# REQUIREMENT
Every line from the first record below down to the line that includes "Sứ lọc cá cảnh 1kg [trụ trắng]" must be reproduced exactly; the pictures are not.

━━━━━━━━━━━━━━━━━━━━

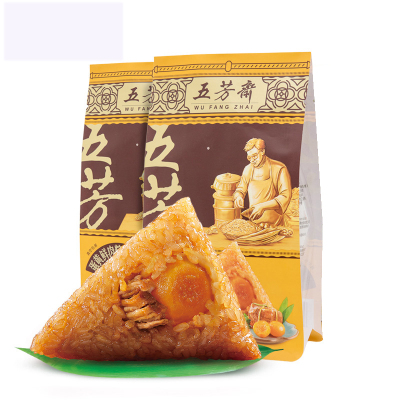 五芳斋粽子 嘉兴特产粽子真空包装蛋黄鲜肉粽共140g*4只大粽子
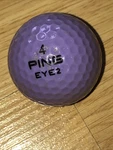 Ping Eye 2 Medium Blue And Lavender Two Tone Golf Ball Rare. Fixed Price $24.95.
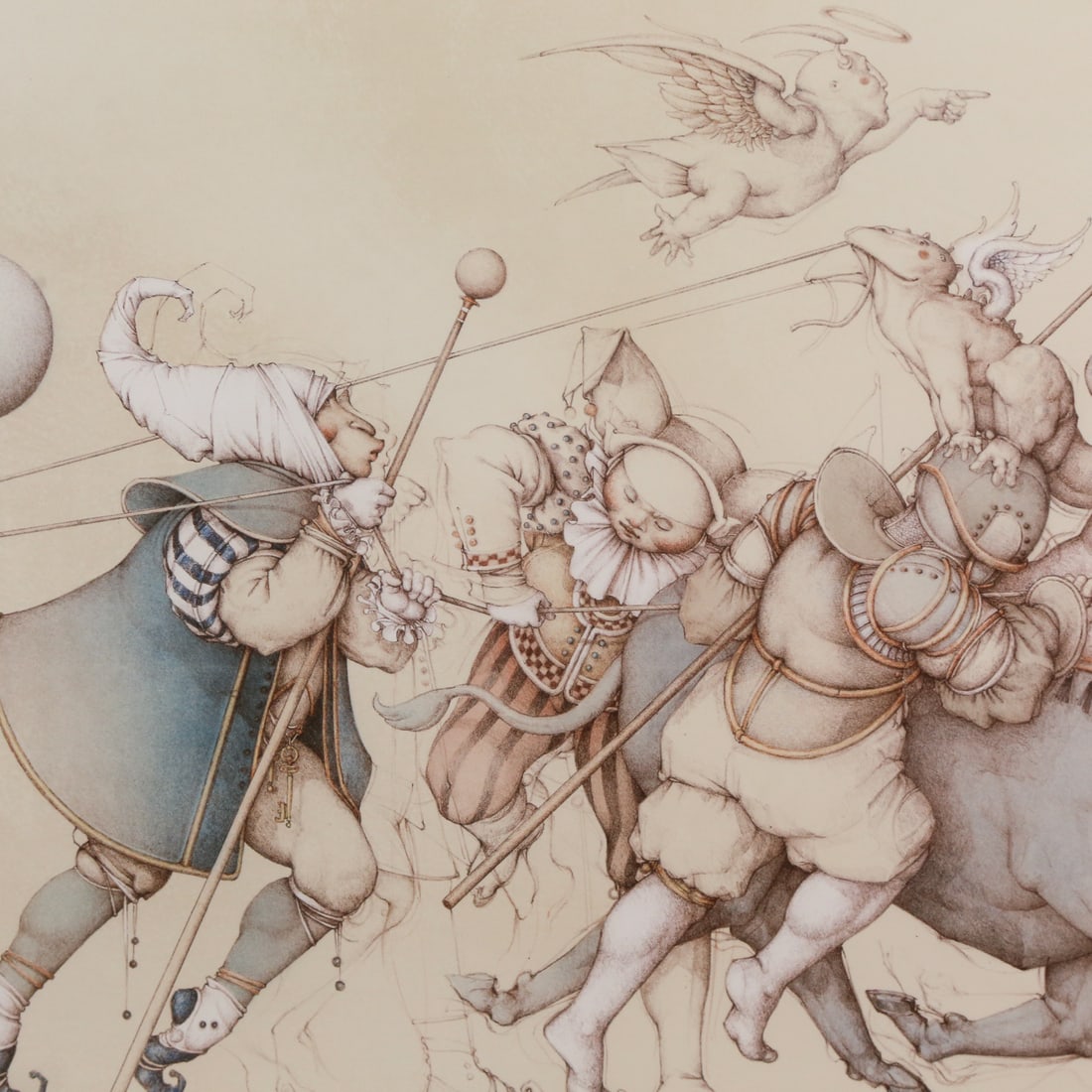 Michael Parkes. "Returning the Sphere," lithograph - 2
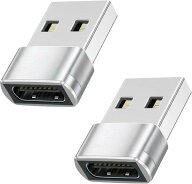 USB変換アダプター USB-Aオス-TYPE-Cメス 高速充電 データ転送対応 iPhone Android スマホ タブレット (…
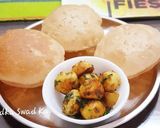 A picture of step 6 of Karare aloo.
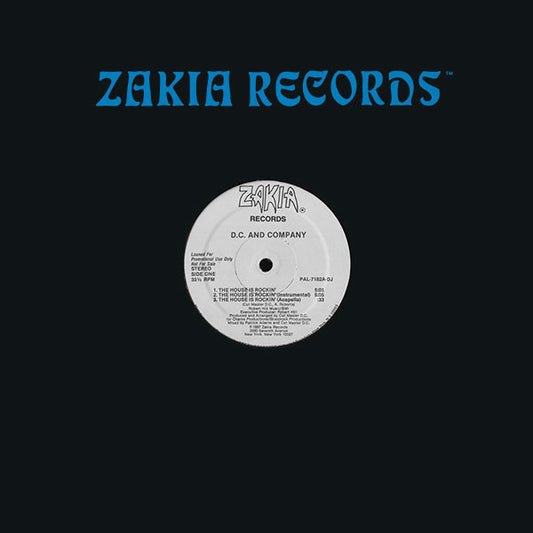 D.C. And Company : The House Is Rockin' (12", Promo)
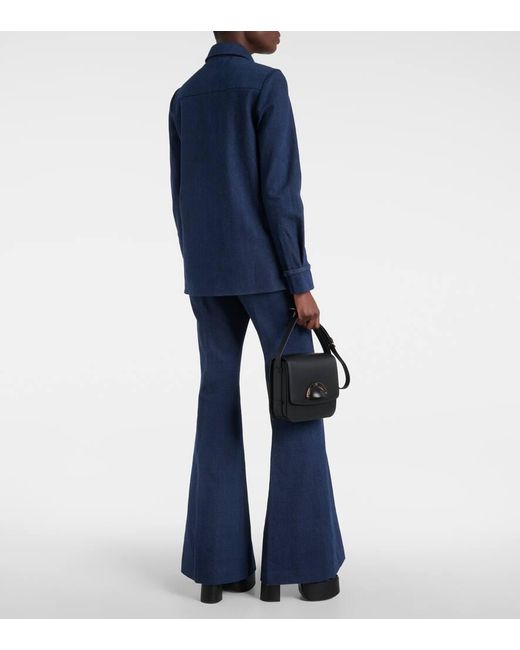 Camisa Cruz En Denim Gabriela Hearst de color Blue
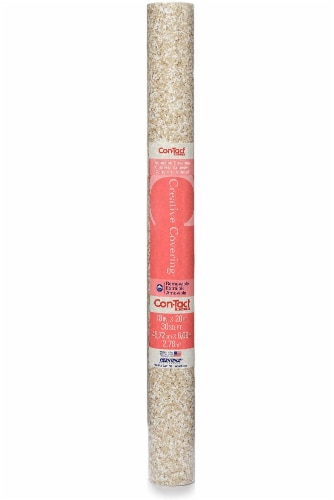 Con-Tact Brand® Self-Adhesive Shelf Liner - Beige Granite Perspective: front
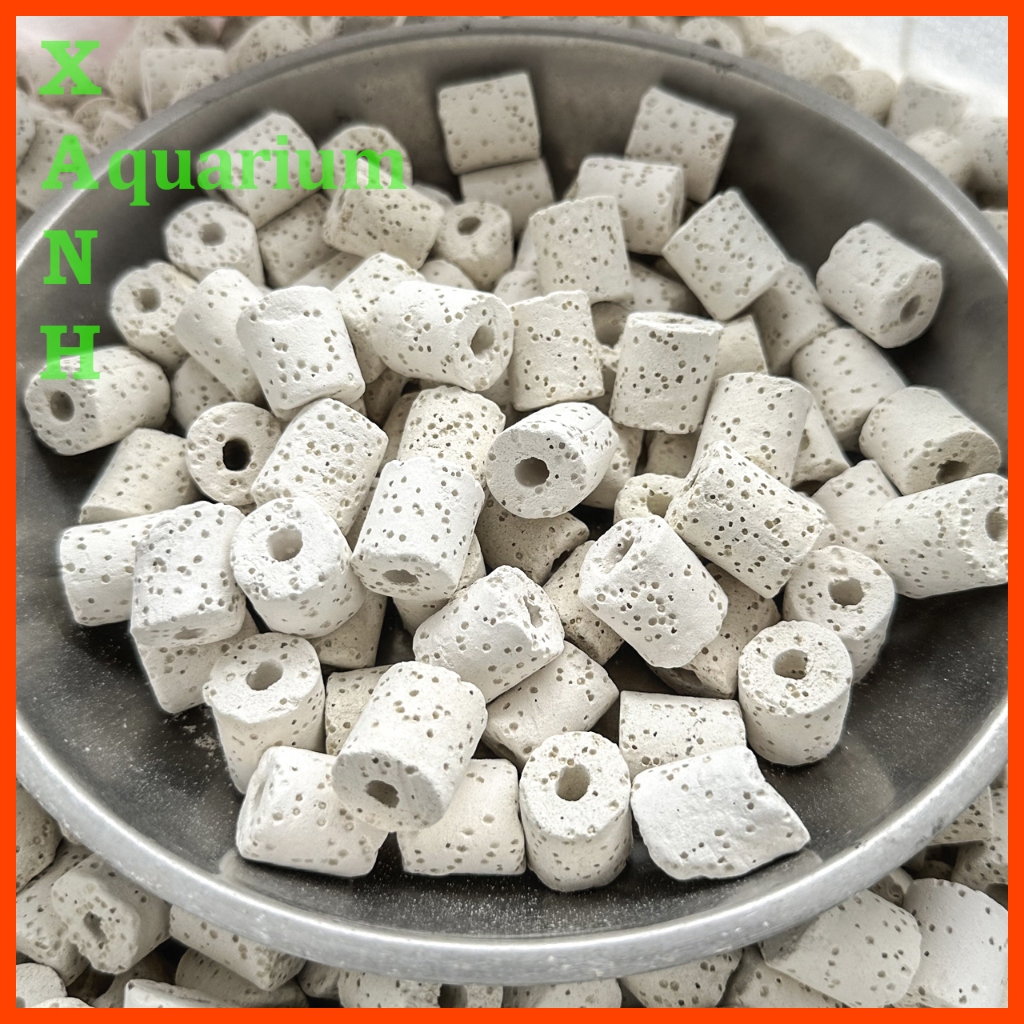 Sứ lọc cá cảnh 1kg [trụ trắng]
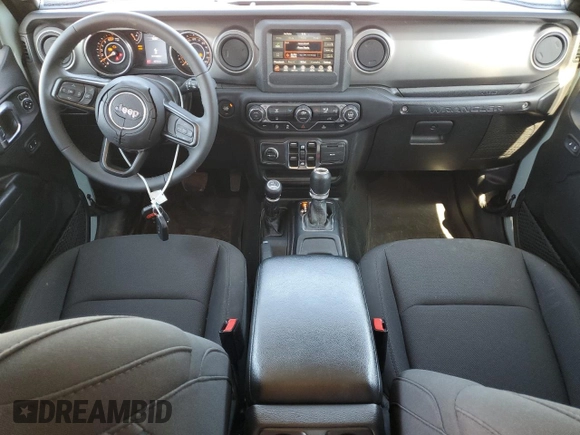 2023 Jeep Wrangler Sport S with VIN 1C4HJXDG5PW623797, listed as a Copart auction lot 66359625 with 16,518 mi miles and Salvage title. Bid and sale history available at DreamBid. Image 8.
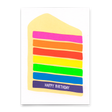 Deli Cards Postkarte "Happy Birthday Coloured Slice" | Coole Karte zum Geburtstag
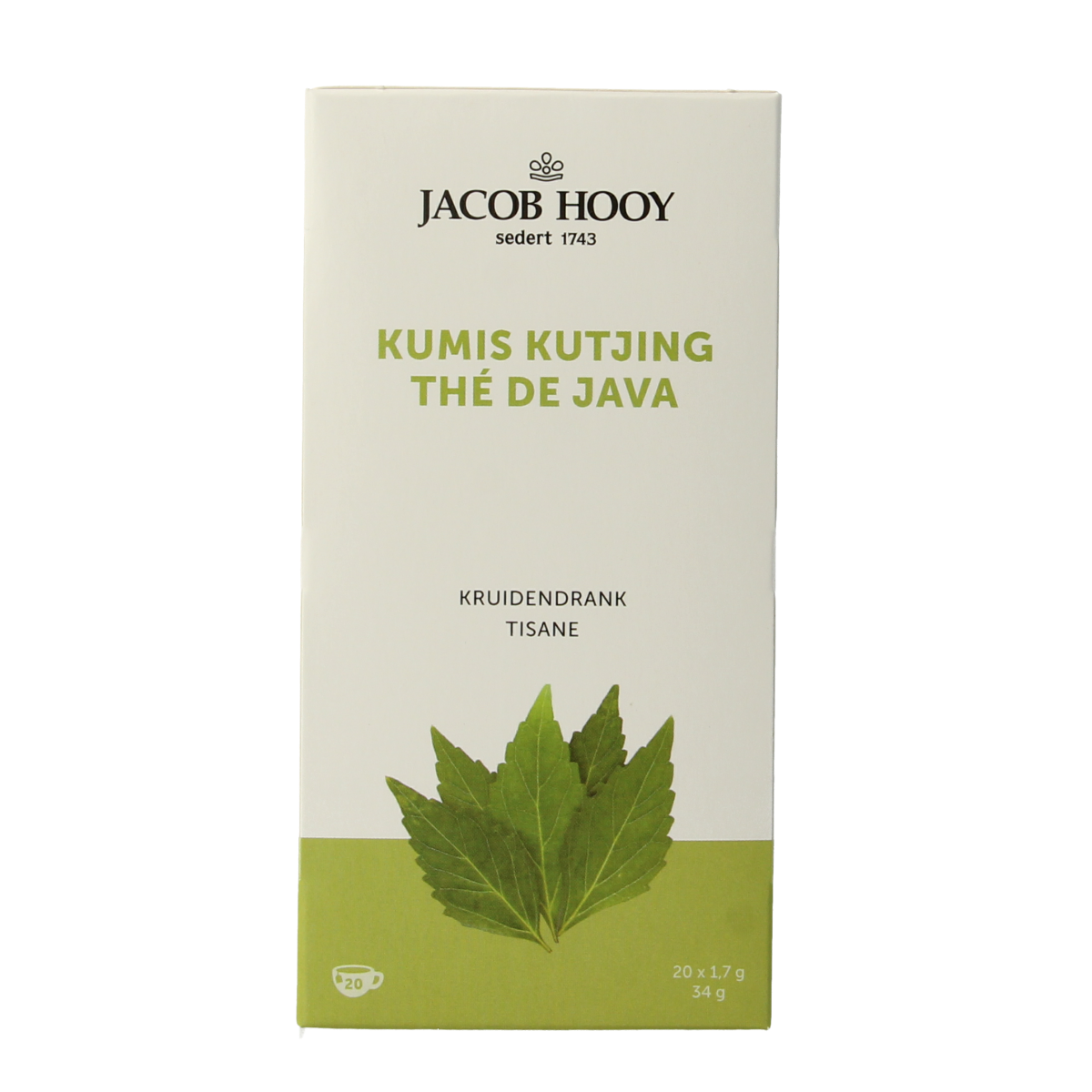 Jacob Hooy Kumis kutjing theezakjes 20.00 Zakjes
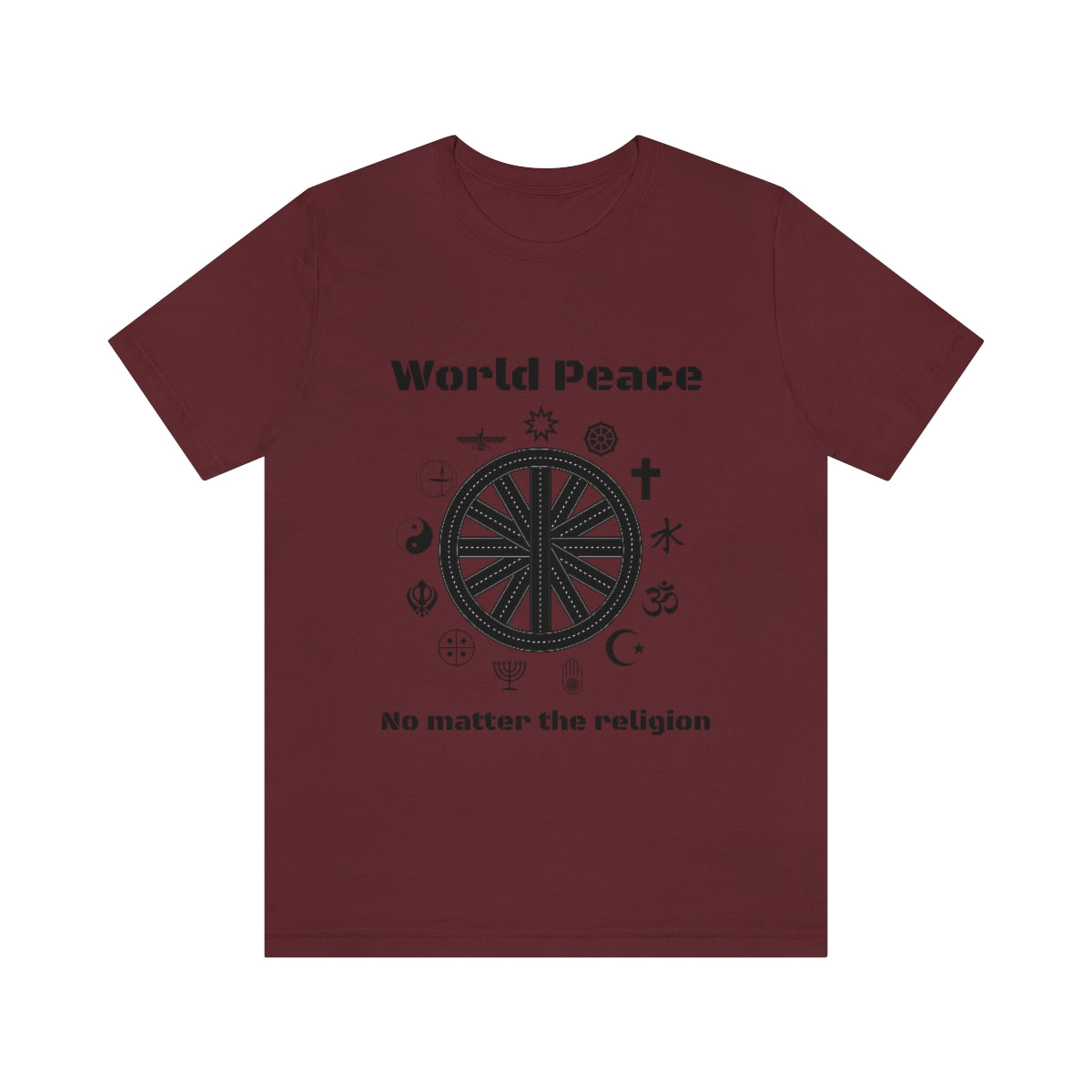 World peace no matter the religion - Unisex Short Sleeve Tee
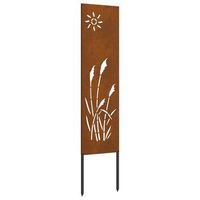 pantalla de privacidad para jardin calado oxidado 32 x 140 cm vidaxl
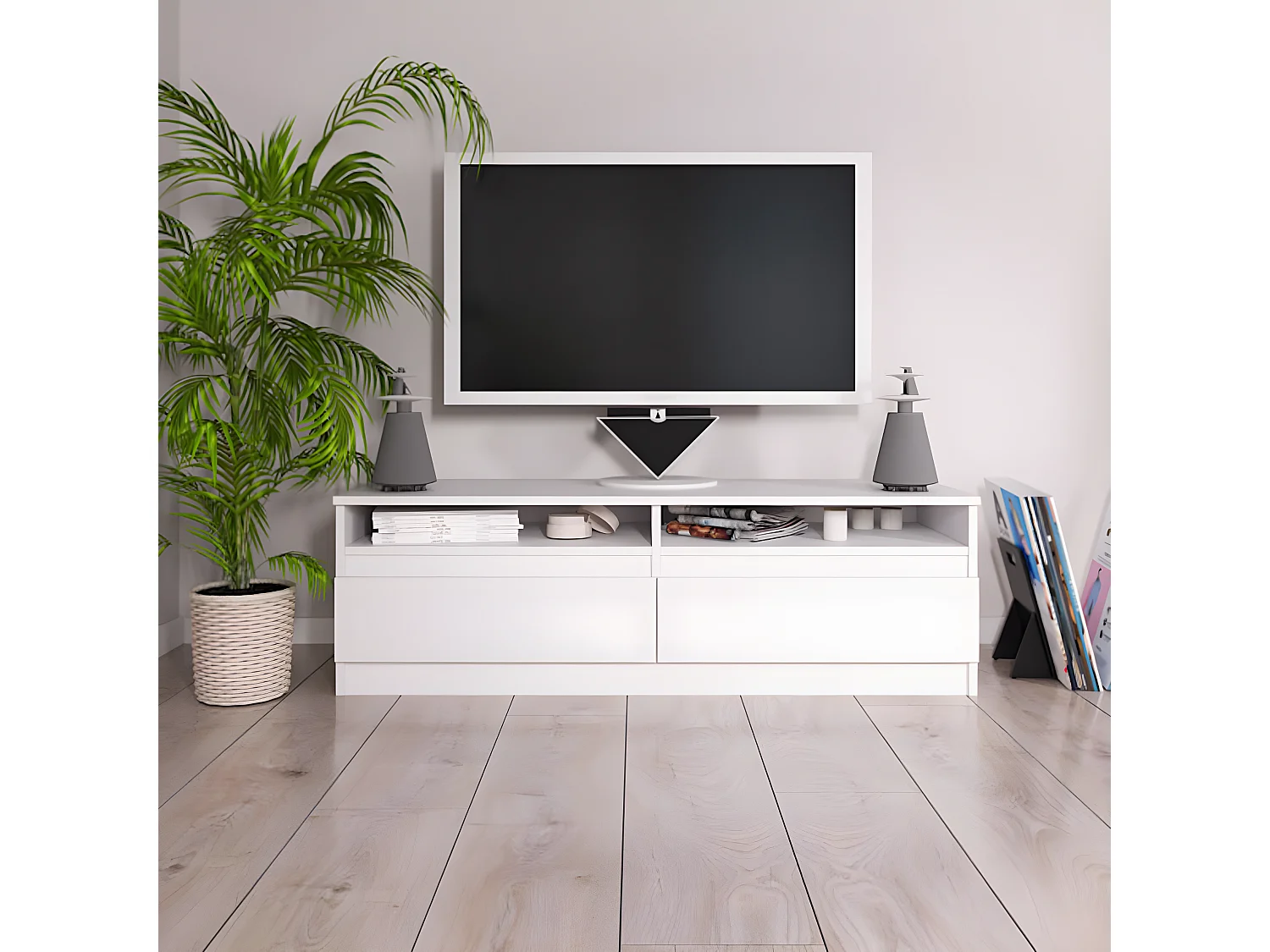 Lowboard Lala 120 weiß 120 / 40 / 38cm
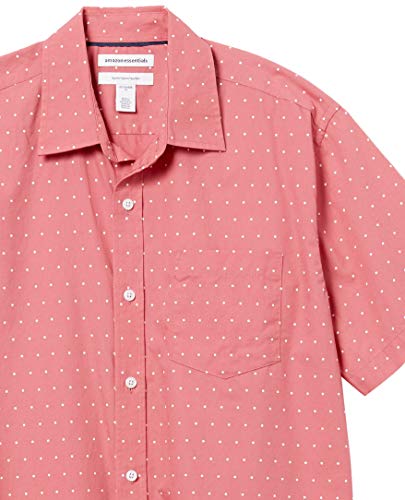Image of Amazon Essentials Men's Regular-Fit Short-Sleeve Poplin Shirt, Collared, Washed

━━━━━━━━━━━━━━━━━━━━

# TASK ANSWER
 五芳斋粽子 嘉兴特产粽子真空包装蛋黄鲜肉粽共140g*4只大粽子
 Ping Eye 2 Medium Blue And Lavender Two Tone Golf Ball Rare. Fixed Price $24.95.
 Michael Parkes. "Returning the Sphere," lithograph - 2
 USB変換アダプター USB-Aオス-TYPE-Cメス 高速充電 データ転送対応 iPhone Android スマホ タブレット (…
 A picture of step 6 of Karare aloo.
 D.C. And Company : The House Is Rockin' (12", Promo)
 Camisa Cruz En Denim Gabriela Hearst de color Blue
 Con-Tact Brand® Self-Adhesive Shelf Liner - Beige Granite Perspective: front
 Sứ lọc cá cảnh 1kg [trụ trắng]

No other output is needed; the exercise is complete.